▶ TASK OBJECTIVE
Copy each line below as written, but skip the pictures.

▶ INFORMATION SHOWN
****************
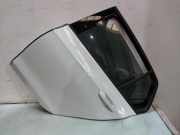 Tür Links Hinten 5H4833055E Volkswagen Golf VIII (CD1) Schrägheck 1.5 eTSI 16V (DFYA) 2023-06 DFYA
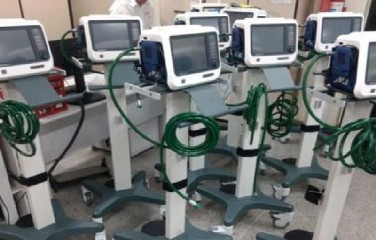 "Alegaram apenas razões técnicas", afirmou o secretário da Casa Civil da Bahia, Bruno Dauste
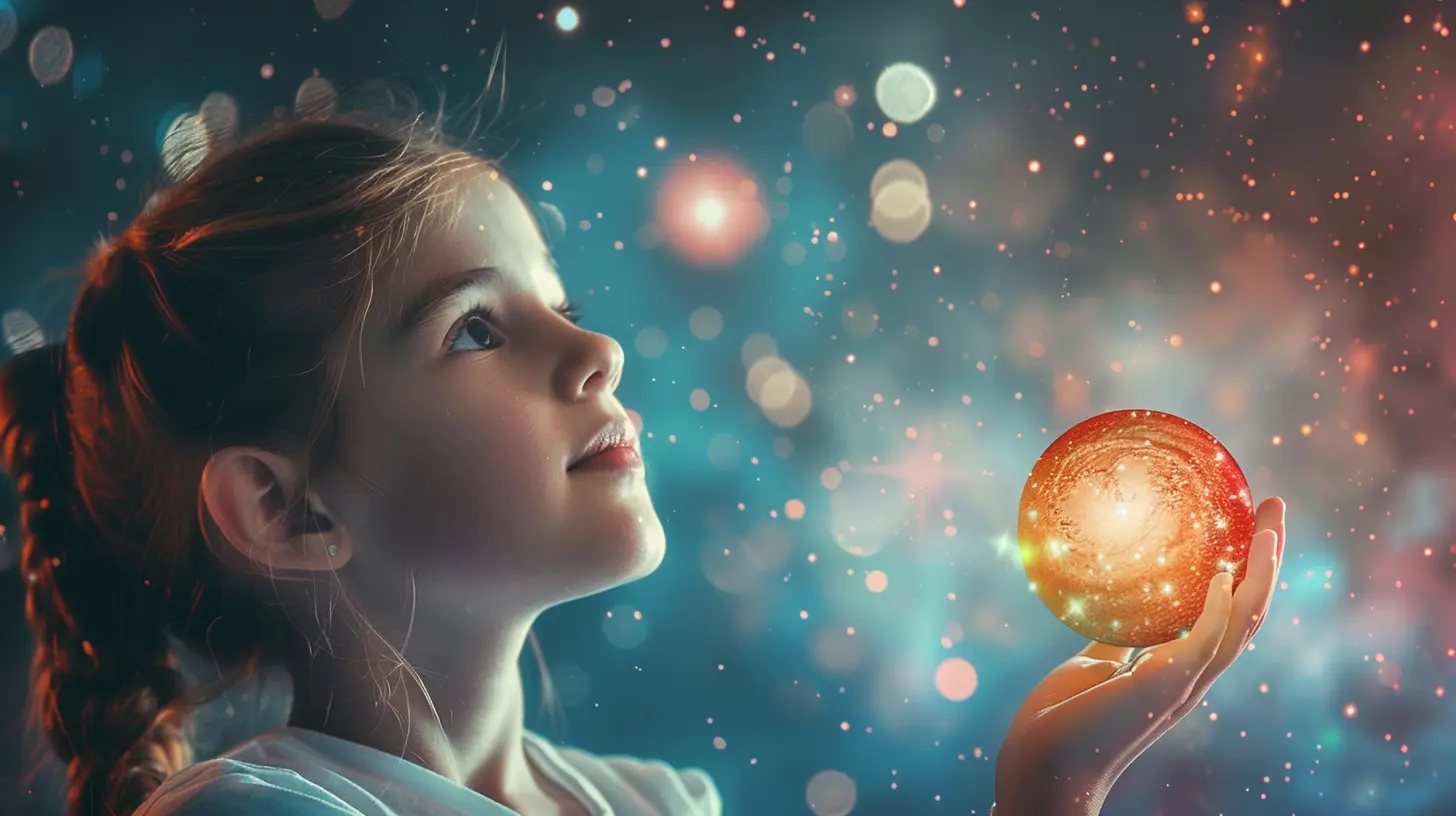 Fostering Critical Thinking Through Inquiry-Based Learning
****************
▶ REPLY TO THE EXERCISE
 Tür Links Hinten 5H4833055E Volkswagen Golf VIII (CD1) Schrägheck 1.5 eTSI 16V (DFYA) 2023-06 DFYA
 "Alegaram apenas razões técnicas", afirmou o secretário da Casa Civil da Bahia, Bruno Dauste
 Fostering Critical Thinking Through Inquiry-Based Learning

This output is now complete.